Content starts
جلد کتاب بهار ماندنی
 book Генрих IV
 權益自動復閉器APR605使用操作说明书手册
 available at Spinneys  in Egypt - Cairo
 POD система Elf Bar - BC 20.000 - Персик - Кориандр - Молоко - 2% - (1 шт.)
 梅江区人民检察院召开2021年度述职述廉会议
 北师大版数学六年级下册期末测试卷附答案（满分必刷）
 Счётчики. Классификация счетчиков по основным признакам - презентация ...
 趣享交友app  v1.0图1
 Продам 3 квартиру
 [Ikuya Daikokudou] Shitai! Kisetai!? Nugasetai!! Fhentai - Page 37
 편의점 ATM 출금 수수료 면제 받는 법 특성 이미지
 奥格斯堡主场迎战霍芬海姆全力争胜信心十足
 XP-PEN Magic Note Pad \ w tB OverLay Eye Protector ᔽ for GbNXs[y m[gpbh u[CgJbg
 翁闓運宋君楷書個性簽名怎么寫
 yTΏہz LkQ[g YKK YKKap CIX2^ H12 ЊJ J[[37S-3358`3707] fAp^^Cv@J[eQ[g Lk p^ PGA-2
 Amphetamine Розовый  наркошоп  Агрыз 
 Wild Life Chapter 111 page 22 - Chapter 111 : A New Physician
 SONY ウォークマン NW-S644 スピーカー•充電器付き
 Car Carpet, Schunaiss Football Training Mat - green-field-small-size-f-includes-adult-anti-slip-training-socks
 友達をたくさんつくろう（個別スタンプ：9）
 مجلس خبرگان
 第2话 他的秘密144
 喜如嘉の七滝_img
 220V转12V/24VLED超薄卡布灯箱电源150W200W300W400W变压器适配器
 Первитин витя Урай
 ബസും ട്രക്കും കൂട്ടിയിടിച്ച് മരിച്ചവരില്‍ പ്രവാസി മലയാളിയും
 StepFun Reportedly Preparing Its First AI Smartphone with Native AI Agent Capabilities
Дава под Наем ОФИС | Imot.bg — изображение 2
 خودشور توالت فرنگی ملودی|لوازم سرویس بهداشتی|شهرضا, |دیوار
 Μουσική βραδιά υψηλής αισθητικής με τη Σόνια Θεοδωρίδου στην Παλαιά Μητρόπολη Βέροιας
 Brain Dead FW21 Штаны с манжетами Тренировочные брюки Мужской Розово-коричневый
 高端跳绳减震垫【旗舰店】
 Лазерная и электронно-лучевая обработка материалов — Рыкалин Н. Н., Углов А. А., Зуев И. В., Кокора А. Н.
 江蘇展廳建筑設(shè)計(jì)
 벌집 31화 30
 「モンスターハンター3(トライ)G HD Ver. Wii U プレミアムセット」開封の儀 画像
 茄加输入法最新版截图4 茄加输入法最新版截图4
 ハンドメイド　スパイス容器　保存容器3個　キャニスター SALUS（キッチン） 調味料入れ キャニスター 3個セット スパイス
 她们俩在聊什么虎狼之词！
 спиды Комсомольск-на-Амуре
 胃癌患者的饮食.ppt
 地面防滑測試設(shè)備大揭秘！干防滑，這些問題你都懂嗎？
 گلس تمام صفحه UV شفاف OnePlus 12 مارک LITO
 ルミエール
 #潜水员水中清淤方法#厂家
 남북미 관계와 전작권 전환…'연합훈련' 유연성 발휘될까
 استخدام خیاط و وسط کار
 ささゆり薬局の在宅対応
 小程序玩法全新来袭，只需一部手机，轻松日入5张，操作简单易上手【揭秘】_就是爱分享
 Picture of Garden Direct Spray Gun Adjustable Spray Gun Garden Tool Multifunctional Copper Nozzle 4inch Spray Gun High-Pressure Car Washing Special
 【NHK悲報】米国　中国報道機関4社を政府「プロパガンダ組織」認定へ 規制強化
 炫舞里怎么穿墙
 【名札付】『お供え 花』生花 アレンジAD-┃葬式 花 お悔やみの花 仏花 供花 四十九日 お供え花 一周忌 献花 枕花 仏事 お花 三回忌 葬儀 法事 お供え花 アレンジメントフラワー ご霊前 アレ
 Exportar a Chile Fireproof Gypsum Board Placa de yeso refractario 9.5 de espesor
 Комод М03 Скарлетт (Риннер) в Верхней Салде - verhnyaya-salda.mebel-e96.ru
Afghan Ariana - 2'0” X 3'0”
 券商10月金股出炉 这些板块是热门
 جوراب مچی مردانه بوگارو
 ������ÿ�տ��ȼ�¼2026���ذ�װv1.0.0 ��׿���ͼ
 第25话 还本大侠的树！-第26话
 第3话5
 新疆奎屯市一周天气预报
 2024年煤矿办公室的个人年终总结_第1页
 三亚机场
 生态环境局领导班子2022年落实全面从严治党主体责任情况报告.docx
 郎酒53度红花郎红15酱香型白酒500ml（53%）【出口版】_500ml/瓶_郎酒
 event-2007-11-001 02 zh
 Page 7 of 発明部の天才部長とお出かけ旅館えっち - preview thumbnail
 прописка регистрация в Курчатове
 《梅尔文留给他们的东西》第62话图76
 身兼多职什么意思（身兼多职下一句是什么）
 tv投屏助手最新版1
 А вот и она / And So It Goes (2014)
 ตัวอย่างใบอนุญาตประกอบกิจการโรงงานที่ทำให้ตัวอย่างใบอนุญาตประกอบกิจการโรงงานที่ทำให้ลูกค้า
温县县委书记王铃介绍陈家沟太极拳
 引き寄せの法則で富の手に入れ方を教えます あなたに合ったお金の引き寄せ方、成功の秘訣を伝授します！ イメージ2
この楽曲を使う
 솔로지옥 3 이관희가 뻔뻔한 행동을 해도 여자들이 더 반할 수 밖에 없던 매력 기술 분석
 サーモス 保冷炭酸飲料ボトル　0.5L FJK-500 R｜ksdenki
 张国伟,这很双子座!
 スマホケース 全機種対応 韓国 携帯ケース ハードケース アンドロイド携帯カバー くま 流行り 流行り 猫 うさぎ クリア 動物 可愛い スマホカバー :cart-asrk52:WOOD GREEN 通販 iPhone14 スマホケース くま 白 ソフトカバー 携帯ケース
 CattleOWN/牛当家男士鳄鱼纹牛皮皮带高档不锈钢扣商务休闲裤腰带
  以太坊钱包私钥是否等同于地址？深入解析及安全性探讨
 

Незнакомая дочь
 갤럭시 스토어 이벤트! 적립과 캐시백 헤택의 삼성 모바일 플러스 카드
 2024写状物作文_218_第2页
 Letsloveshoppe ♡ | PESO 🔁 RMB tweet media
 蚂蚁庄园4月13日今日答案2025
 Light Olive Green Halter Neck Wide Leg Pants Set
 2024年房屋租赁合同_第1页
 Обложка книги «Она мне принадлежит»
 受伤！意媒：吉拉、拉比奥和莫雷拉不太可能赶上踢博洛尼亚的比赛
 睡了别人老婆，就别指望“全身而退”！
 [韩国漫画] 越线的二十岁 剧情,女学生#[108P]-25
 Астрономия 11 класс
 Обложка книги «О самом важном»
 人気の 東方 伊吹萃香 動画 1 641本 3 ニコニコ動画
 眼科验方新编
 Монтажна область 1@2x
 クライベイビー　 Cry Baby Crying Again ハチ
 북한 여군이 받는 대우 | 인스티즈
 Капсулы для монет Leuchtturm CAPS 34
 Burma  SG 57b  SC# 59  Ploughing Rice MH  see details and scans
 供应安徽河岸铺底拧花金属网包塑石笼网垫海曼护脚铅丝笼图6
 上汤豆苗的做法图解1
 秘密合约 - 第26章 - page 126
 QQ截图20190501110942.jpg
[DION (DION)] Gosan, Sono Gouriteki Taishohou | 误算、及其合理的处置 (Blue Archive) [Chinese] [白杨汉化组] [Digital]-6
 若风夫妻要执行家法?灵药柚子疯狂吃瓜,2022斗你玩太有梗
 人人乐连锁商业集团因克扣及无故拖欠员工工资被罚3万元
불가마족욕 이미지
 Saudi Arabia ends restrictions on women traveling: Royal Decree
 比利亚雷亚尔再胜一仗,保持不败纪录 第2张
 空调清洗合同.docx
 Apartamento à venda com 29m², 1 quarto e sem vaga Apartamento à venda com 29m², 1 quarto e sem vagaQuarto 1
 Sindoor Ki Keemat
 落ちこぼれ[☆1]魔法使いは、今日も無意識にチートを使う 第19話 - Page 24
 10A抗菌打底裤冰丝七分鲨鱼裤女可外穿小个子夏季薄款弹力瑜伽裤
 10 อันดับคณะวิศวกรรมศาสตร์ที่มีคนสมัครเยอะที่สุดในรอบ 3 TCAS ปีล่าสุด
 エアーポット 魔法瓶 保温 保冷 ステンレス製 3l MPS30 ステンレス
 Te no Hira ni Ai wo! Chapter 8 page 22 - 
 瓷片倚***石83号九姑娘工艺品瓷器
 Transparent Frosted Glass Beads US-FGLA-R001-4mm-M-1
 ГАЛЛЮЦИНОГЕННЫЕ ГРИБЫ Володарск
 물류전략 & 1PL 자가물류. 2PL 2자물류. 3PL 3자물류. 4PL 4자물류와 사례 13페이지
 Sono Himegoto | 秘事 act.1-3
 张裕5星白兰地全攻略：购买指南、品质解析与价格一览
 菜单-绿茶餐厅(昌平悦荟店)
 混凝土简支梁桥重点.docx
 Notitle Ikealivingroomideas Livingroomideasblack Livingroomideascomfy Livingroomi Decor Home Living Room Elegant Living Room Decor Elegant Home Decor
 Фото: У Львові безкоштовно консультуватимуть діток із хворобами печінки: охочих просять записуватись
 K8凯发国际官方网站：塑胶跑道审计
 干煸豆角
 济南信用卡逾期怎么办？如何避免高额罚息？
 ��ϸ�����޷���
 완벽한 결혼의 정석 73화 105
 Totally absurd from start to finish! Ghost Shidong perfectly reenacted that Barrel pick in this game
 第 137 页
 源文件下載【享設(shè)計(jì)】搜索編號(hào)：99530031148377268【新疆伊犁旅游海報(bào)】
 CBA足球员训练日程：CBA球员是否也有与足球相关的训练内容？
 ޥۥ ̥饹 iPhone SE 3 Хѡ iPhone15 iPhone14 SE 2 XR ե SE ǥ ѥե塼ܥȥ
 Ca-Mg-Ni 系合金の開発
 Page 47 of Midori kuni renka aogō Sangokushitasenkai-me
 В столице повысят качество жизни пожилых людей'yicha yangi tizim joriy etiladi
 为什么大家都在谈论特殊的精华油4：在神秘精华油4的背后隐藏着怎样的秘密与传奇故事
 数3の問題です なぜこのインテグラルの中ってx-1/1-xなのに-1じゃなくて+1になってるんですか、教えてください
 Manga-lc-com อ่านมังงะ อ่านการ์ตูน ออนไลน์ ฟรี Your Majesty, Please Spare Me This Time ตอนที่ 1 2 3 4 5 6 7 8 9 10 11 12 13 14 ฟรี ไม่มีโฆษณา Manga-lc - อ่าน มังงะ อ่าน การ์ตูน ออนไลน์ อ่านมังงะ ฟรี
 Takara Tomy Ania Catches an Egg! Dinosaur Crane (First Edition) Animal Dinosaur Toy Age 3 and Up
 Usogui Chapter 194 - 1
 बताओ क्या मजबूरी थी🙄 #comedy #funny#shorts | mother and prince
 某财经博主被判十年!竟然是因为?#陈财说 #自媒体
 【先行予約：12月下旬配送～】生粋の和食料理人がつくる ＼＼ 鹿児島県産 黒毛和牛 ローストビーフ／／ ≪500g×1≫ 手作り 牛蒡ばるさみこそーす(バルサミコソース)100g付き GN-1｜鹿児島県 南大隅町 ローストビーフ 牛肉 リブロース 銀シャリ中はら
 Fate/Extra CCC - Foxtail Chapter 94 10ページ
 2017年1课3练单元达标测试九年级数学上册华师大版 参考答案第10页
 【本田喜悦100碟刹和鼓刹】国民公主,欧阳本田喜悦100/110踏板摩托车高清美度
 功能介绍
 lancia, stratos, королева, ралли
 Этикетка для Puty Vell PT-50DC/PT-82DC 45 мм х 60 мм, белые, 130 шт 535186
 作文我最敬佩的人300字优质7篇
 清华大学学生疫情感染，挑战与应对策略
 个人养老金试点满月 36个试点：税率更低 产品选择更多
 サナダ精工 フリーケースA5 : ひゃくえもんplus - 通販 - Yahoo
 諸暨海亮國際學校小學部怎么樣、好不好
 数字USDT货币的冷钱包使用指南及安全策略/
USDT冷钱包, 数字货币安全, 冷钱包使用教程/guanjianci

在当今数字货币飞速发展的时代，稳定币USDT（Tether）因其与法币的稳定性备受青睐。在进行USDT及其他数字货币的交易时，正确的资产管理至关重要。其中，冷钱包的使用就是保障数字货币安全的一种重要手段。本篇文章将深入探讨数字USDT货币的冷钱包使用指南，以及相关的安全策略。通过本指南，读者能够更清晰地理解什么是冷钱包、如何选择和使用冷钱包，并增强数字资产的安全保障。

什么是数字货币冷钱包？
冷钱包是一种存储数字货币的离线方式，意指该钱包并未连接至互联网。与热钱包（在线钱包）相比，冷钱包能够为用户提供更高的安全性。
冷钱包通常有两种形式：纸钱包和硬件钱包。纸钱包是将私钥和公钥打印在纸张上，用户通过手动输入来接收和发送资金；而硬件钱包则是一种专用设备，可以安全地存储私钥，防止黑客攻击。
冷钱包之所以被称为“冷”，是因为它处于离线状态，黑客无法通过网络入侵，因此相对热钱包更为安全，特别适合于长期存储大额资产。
Content ends
## Your task
Retype the listing from its first line onward, stopping after the line that contains "[Ikuya Daikokudou] Shitai!" has been retyped in full.

## Solution to this problem
جلد کتاب بهار ماندنی
 book Генрих IV
 權益自動復閉器APR605使用操作说明书手册
 available at Spinneys  in Egypt - Cairo
 POD система Elf Bar - BC 20.000 - Персик - Кориандр - Молоко - 2% - (1 шт.)
 梅江区人民检察院召开2021年度述职述廉会议
 北师大版数学六年级下册期末测试卷附答案（满分必刷）
 Счётчики. Классификация счетчиков по основным признакам - презентация ...
 趣享交友app  v1.0图1
 Продам 3 квартиру
 [Ikuya Daikokudou] Shitai! Kisetai!? Nugasetai!! Fhentai - Page 37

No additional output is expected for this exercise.